How XML deals with different character sets |
It is possible (and preferable) to specify the encoding of an XML document in the XML declaration, e.g.
<?xml version="1.0" encoding="iso-8859-1"?>
You will notice that many XML documents do not contain any encoding information. In fact the XML declaration itself is optional.
According to the XML 1.0 specification, all processors are required to automatically support (and detect) the UTF-8 and UTF-16 encodings.
UTF-8 and UTF-16 are forms of Unicode. If you use one of these two encodings when saving your documents, you don't need to specify the encoding of the document as the encoding will be automatically recognized by the XML processor.
This automatic recognition is due to the BOM (Byte Order Mark) at the beginning of your file which can be seen if you view the file as binary in a Hex Editor such as in the screenshot below.
0xFF 0xFE = UTF-16 little endian/Unicode
0xFE 0xFF = UTF-16 big endian
0xEF 0xBB 0xBF = UTF-8
If this BOM is missing from the beginning of your file then Catalyst will always treat your file as ANSI.
If this happens then your file will be extracted from the TTK with an ANSI encoding. To avoid this you must resave the file as UTF-8 or Unicode in Notepad.

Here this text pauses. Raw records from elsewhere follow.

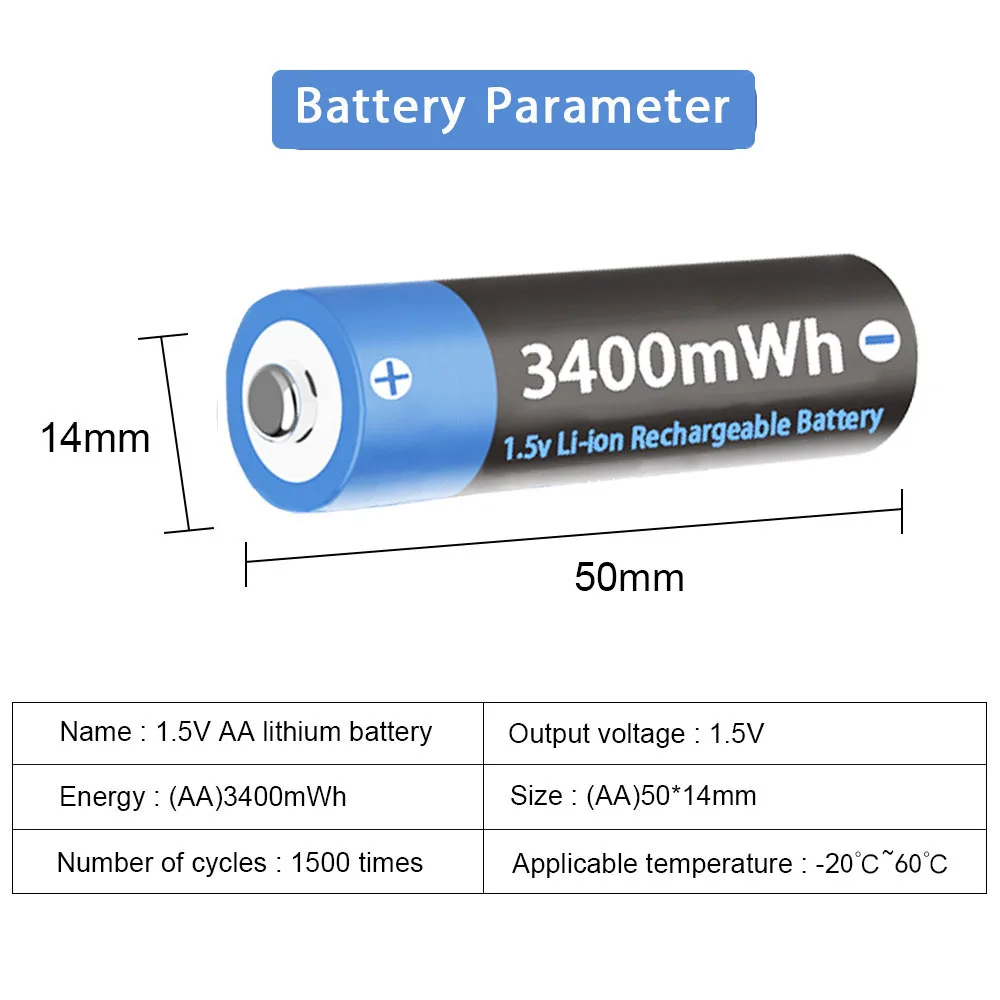 AJNWNM 100% oryginalny akumulator 1,5 V AA 3400 mWh akumulator litowo-jonowy AA 1,5 V akumulator AA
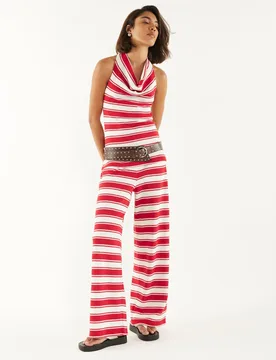 Striped Halter Neck Tunic Red Mix female - River Island - FashionsVida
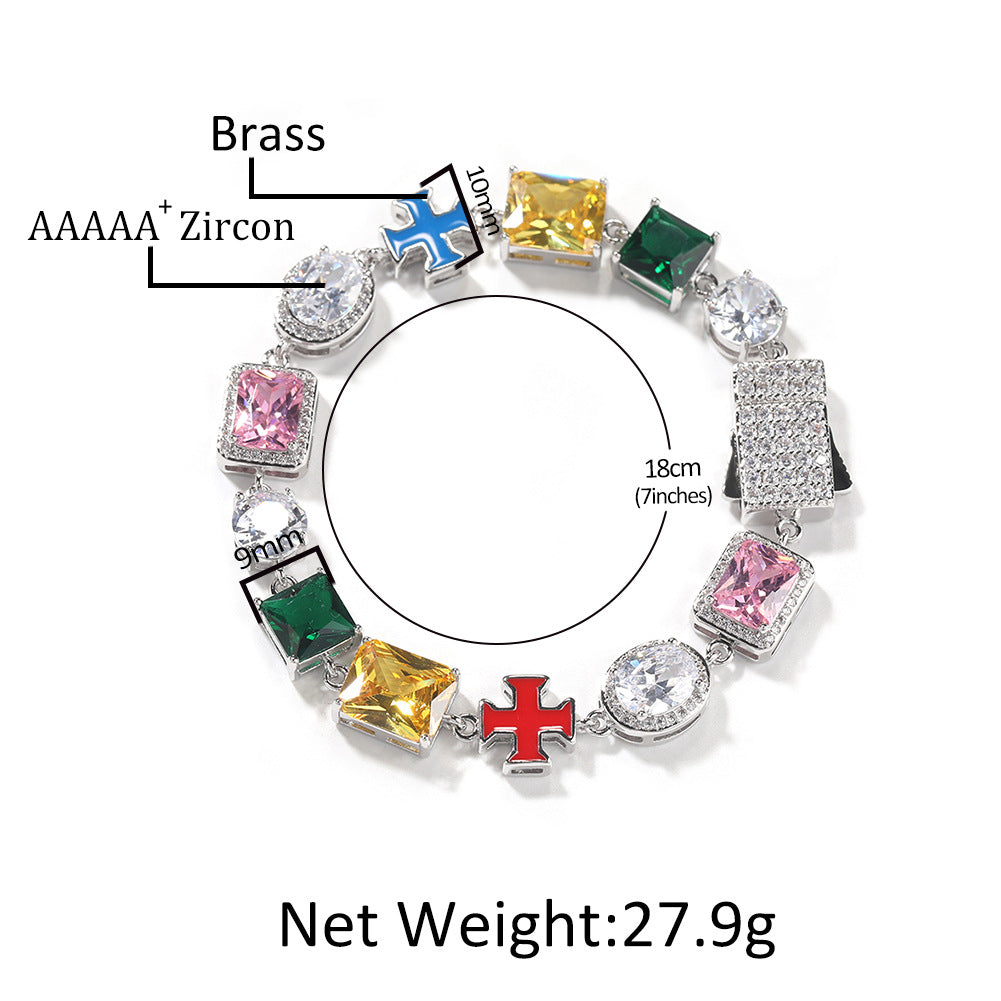 Hip-hop necklace with colorful zircon inlays and a square cross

If you type an XML document into Notepad, you can choose from one of several supported character encodings including ANSI, UTF-8, or UTF-16.
If you save an XML file using an encoding other than UTF-8/UTF-16, then you must use an XML declaration to specify the actual encoding used.
Examples of correctly specified character encoding in an XML declaration is shown below.
<?xml version="1.0" encoding="windows-1252"?>
<?xml version="1.0" encoding="ISO-8859-1"?>
Depending on the Target Language in your TTK you will be required to specify different character encodings in Catalyst in order to display extended and double byte characters correctly.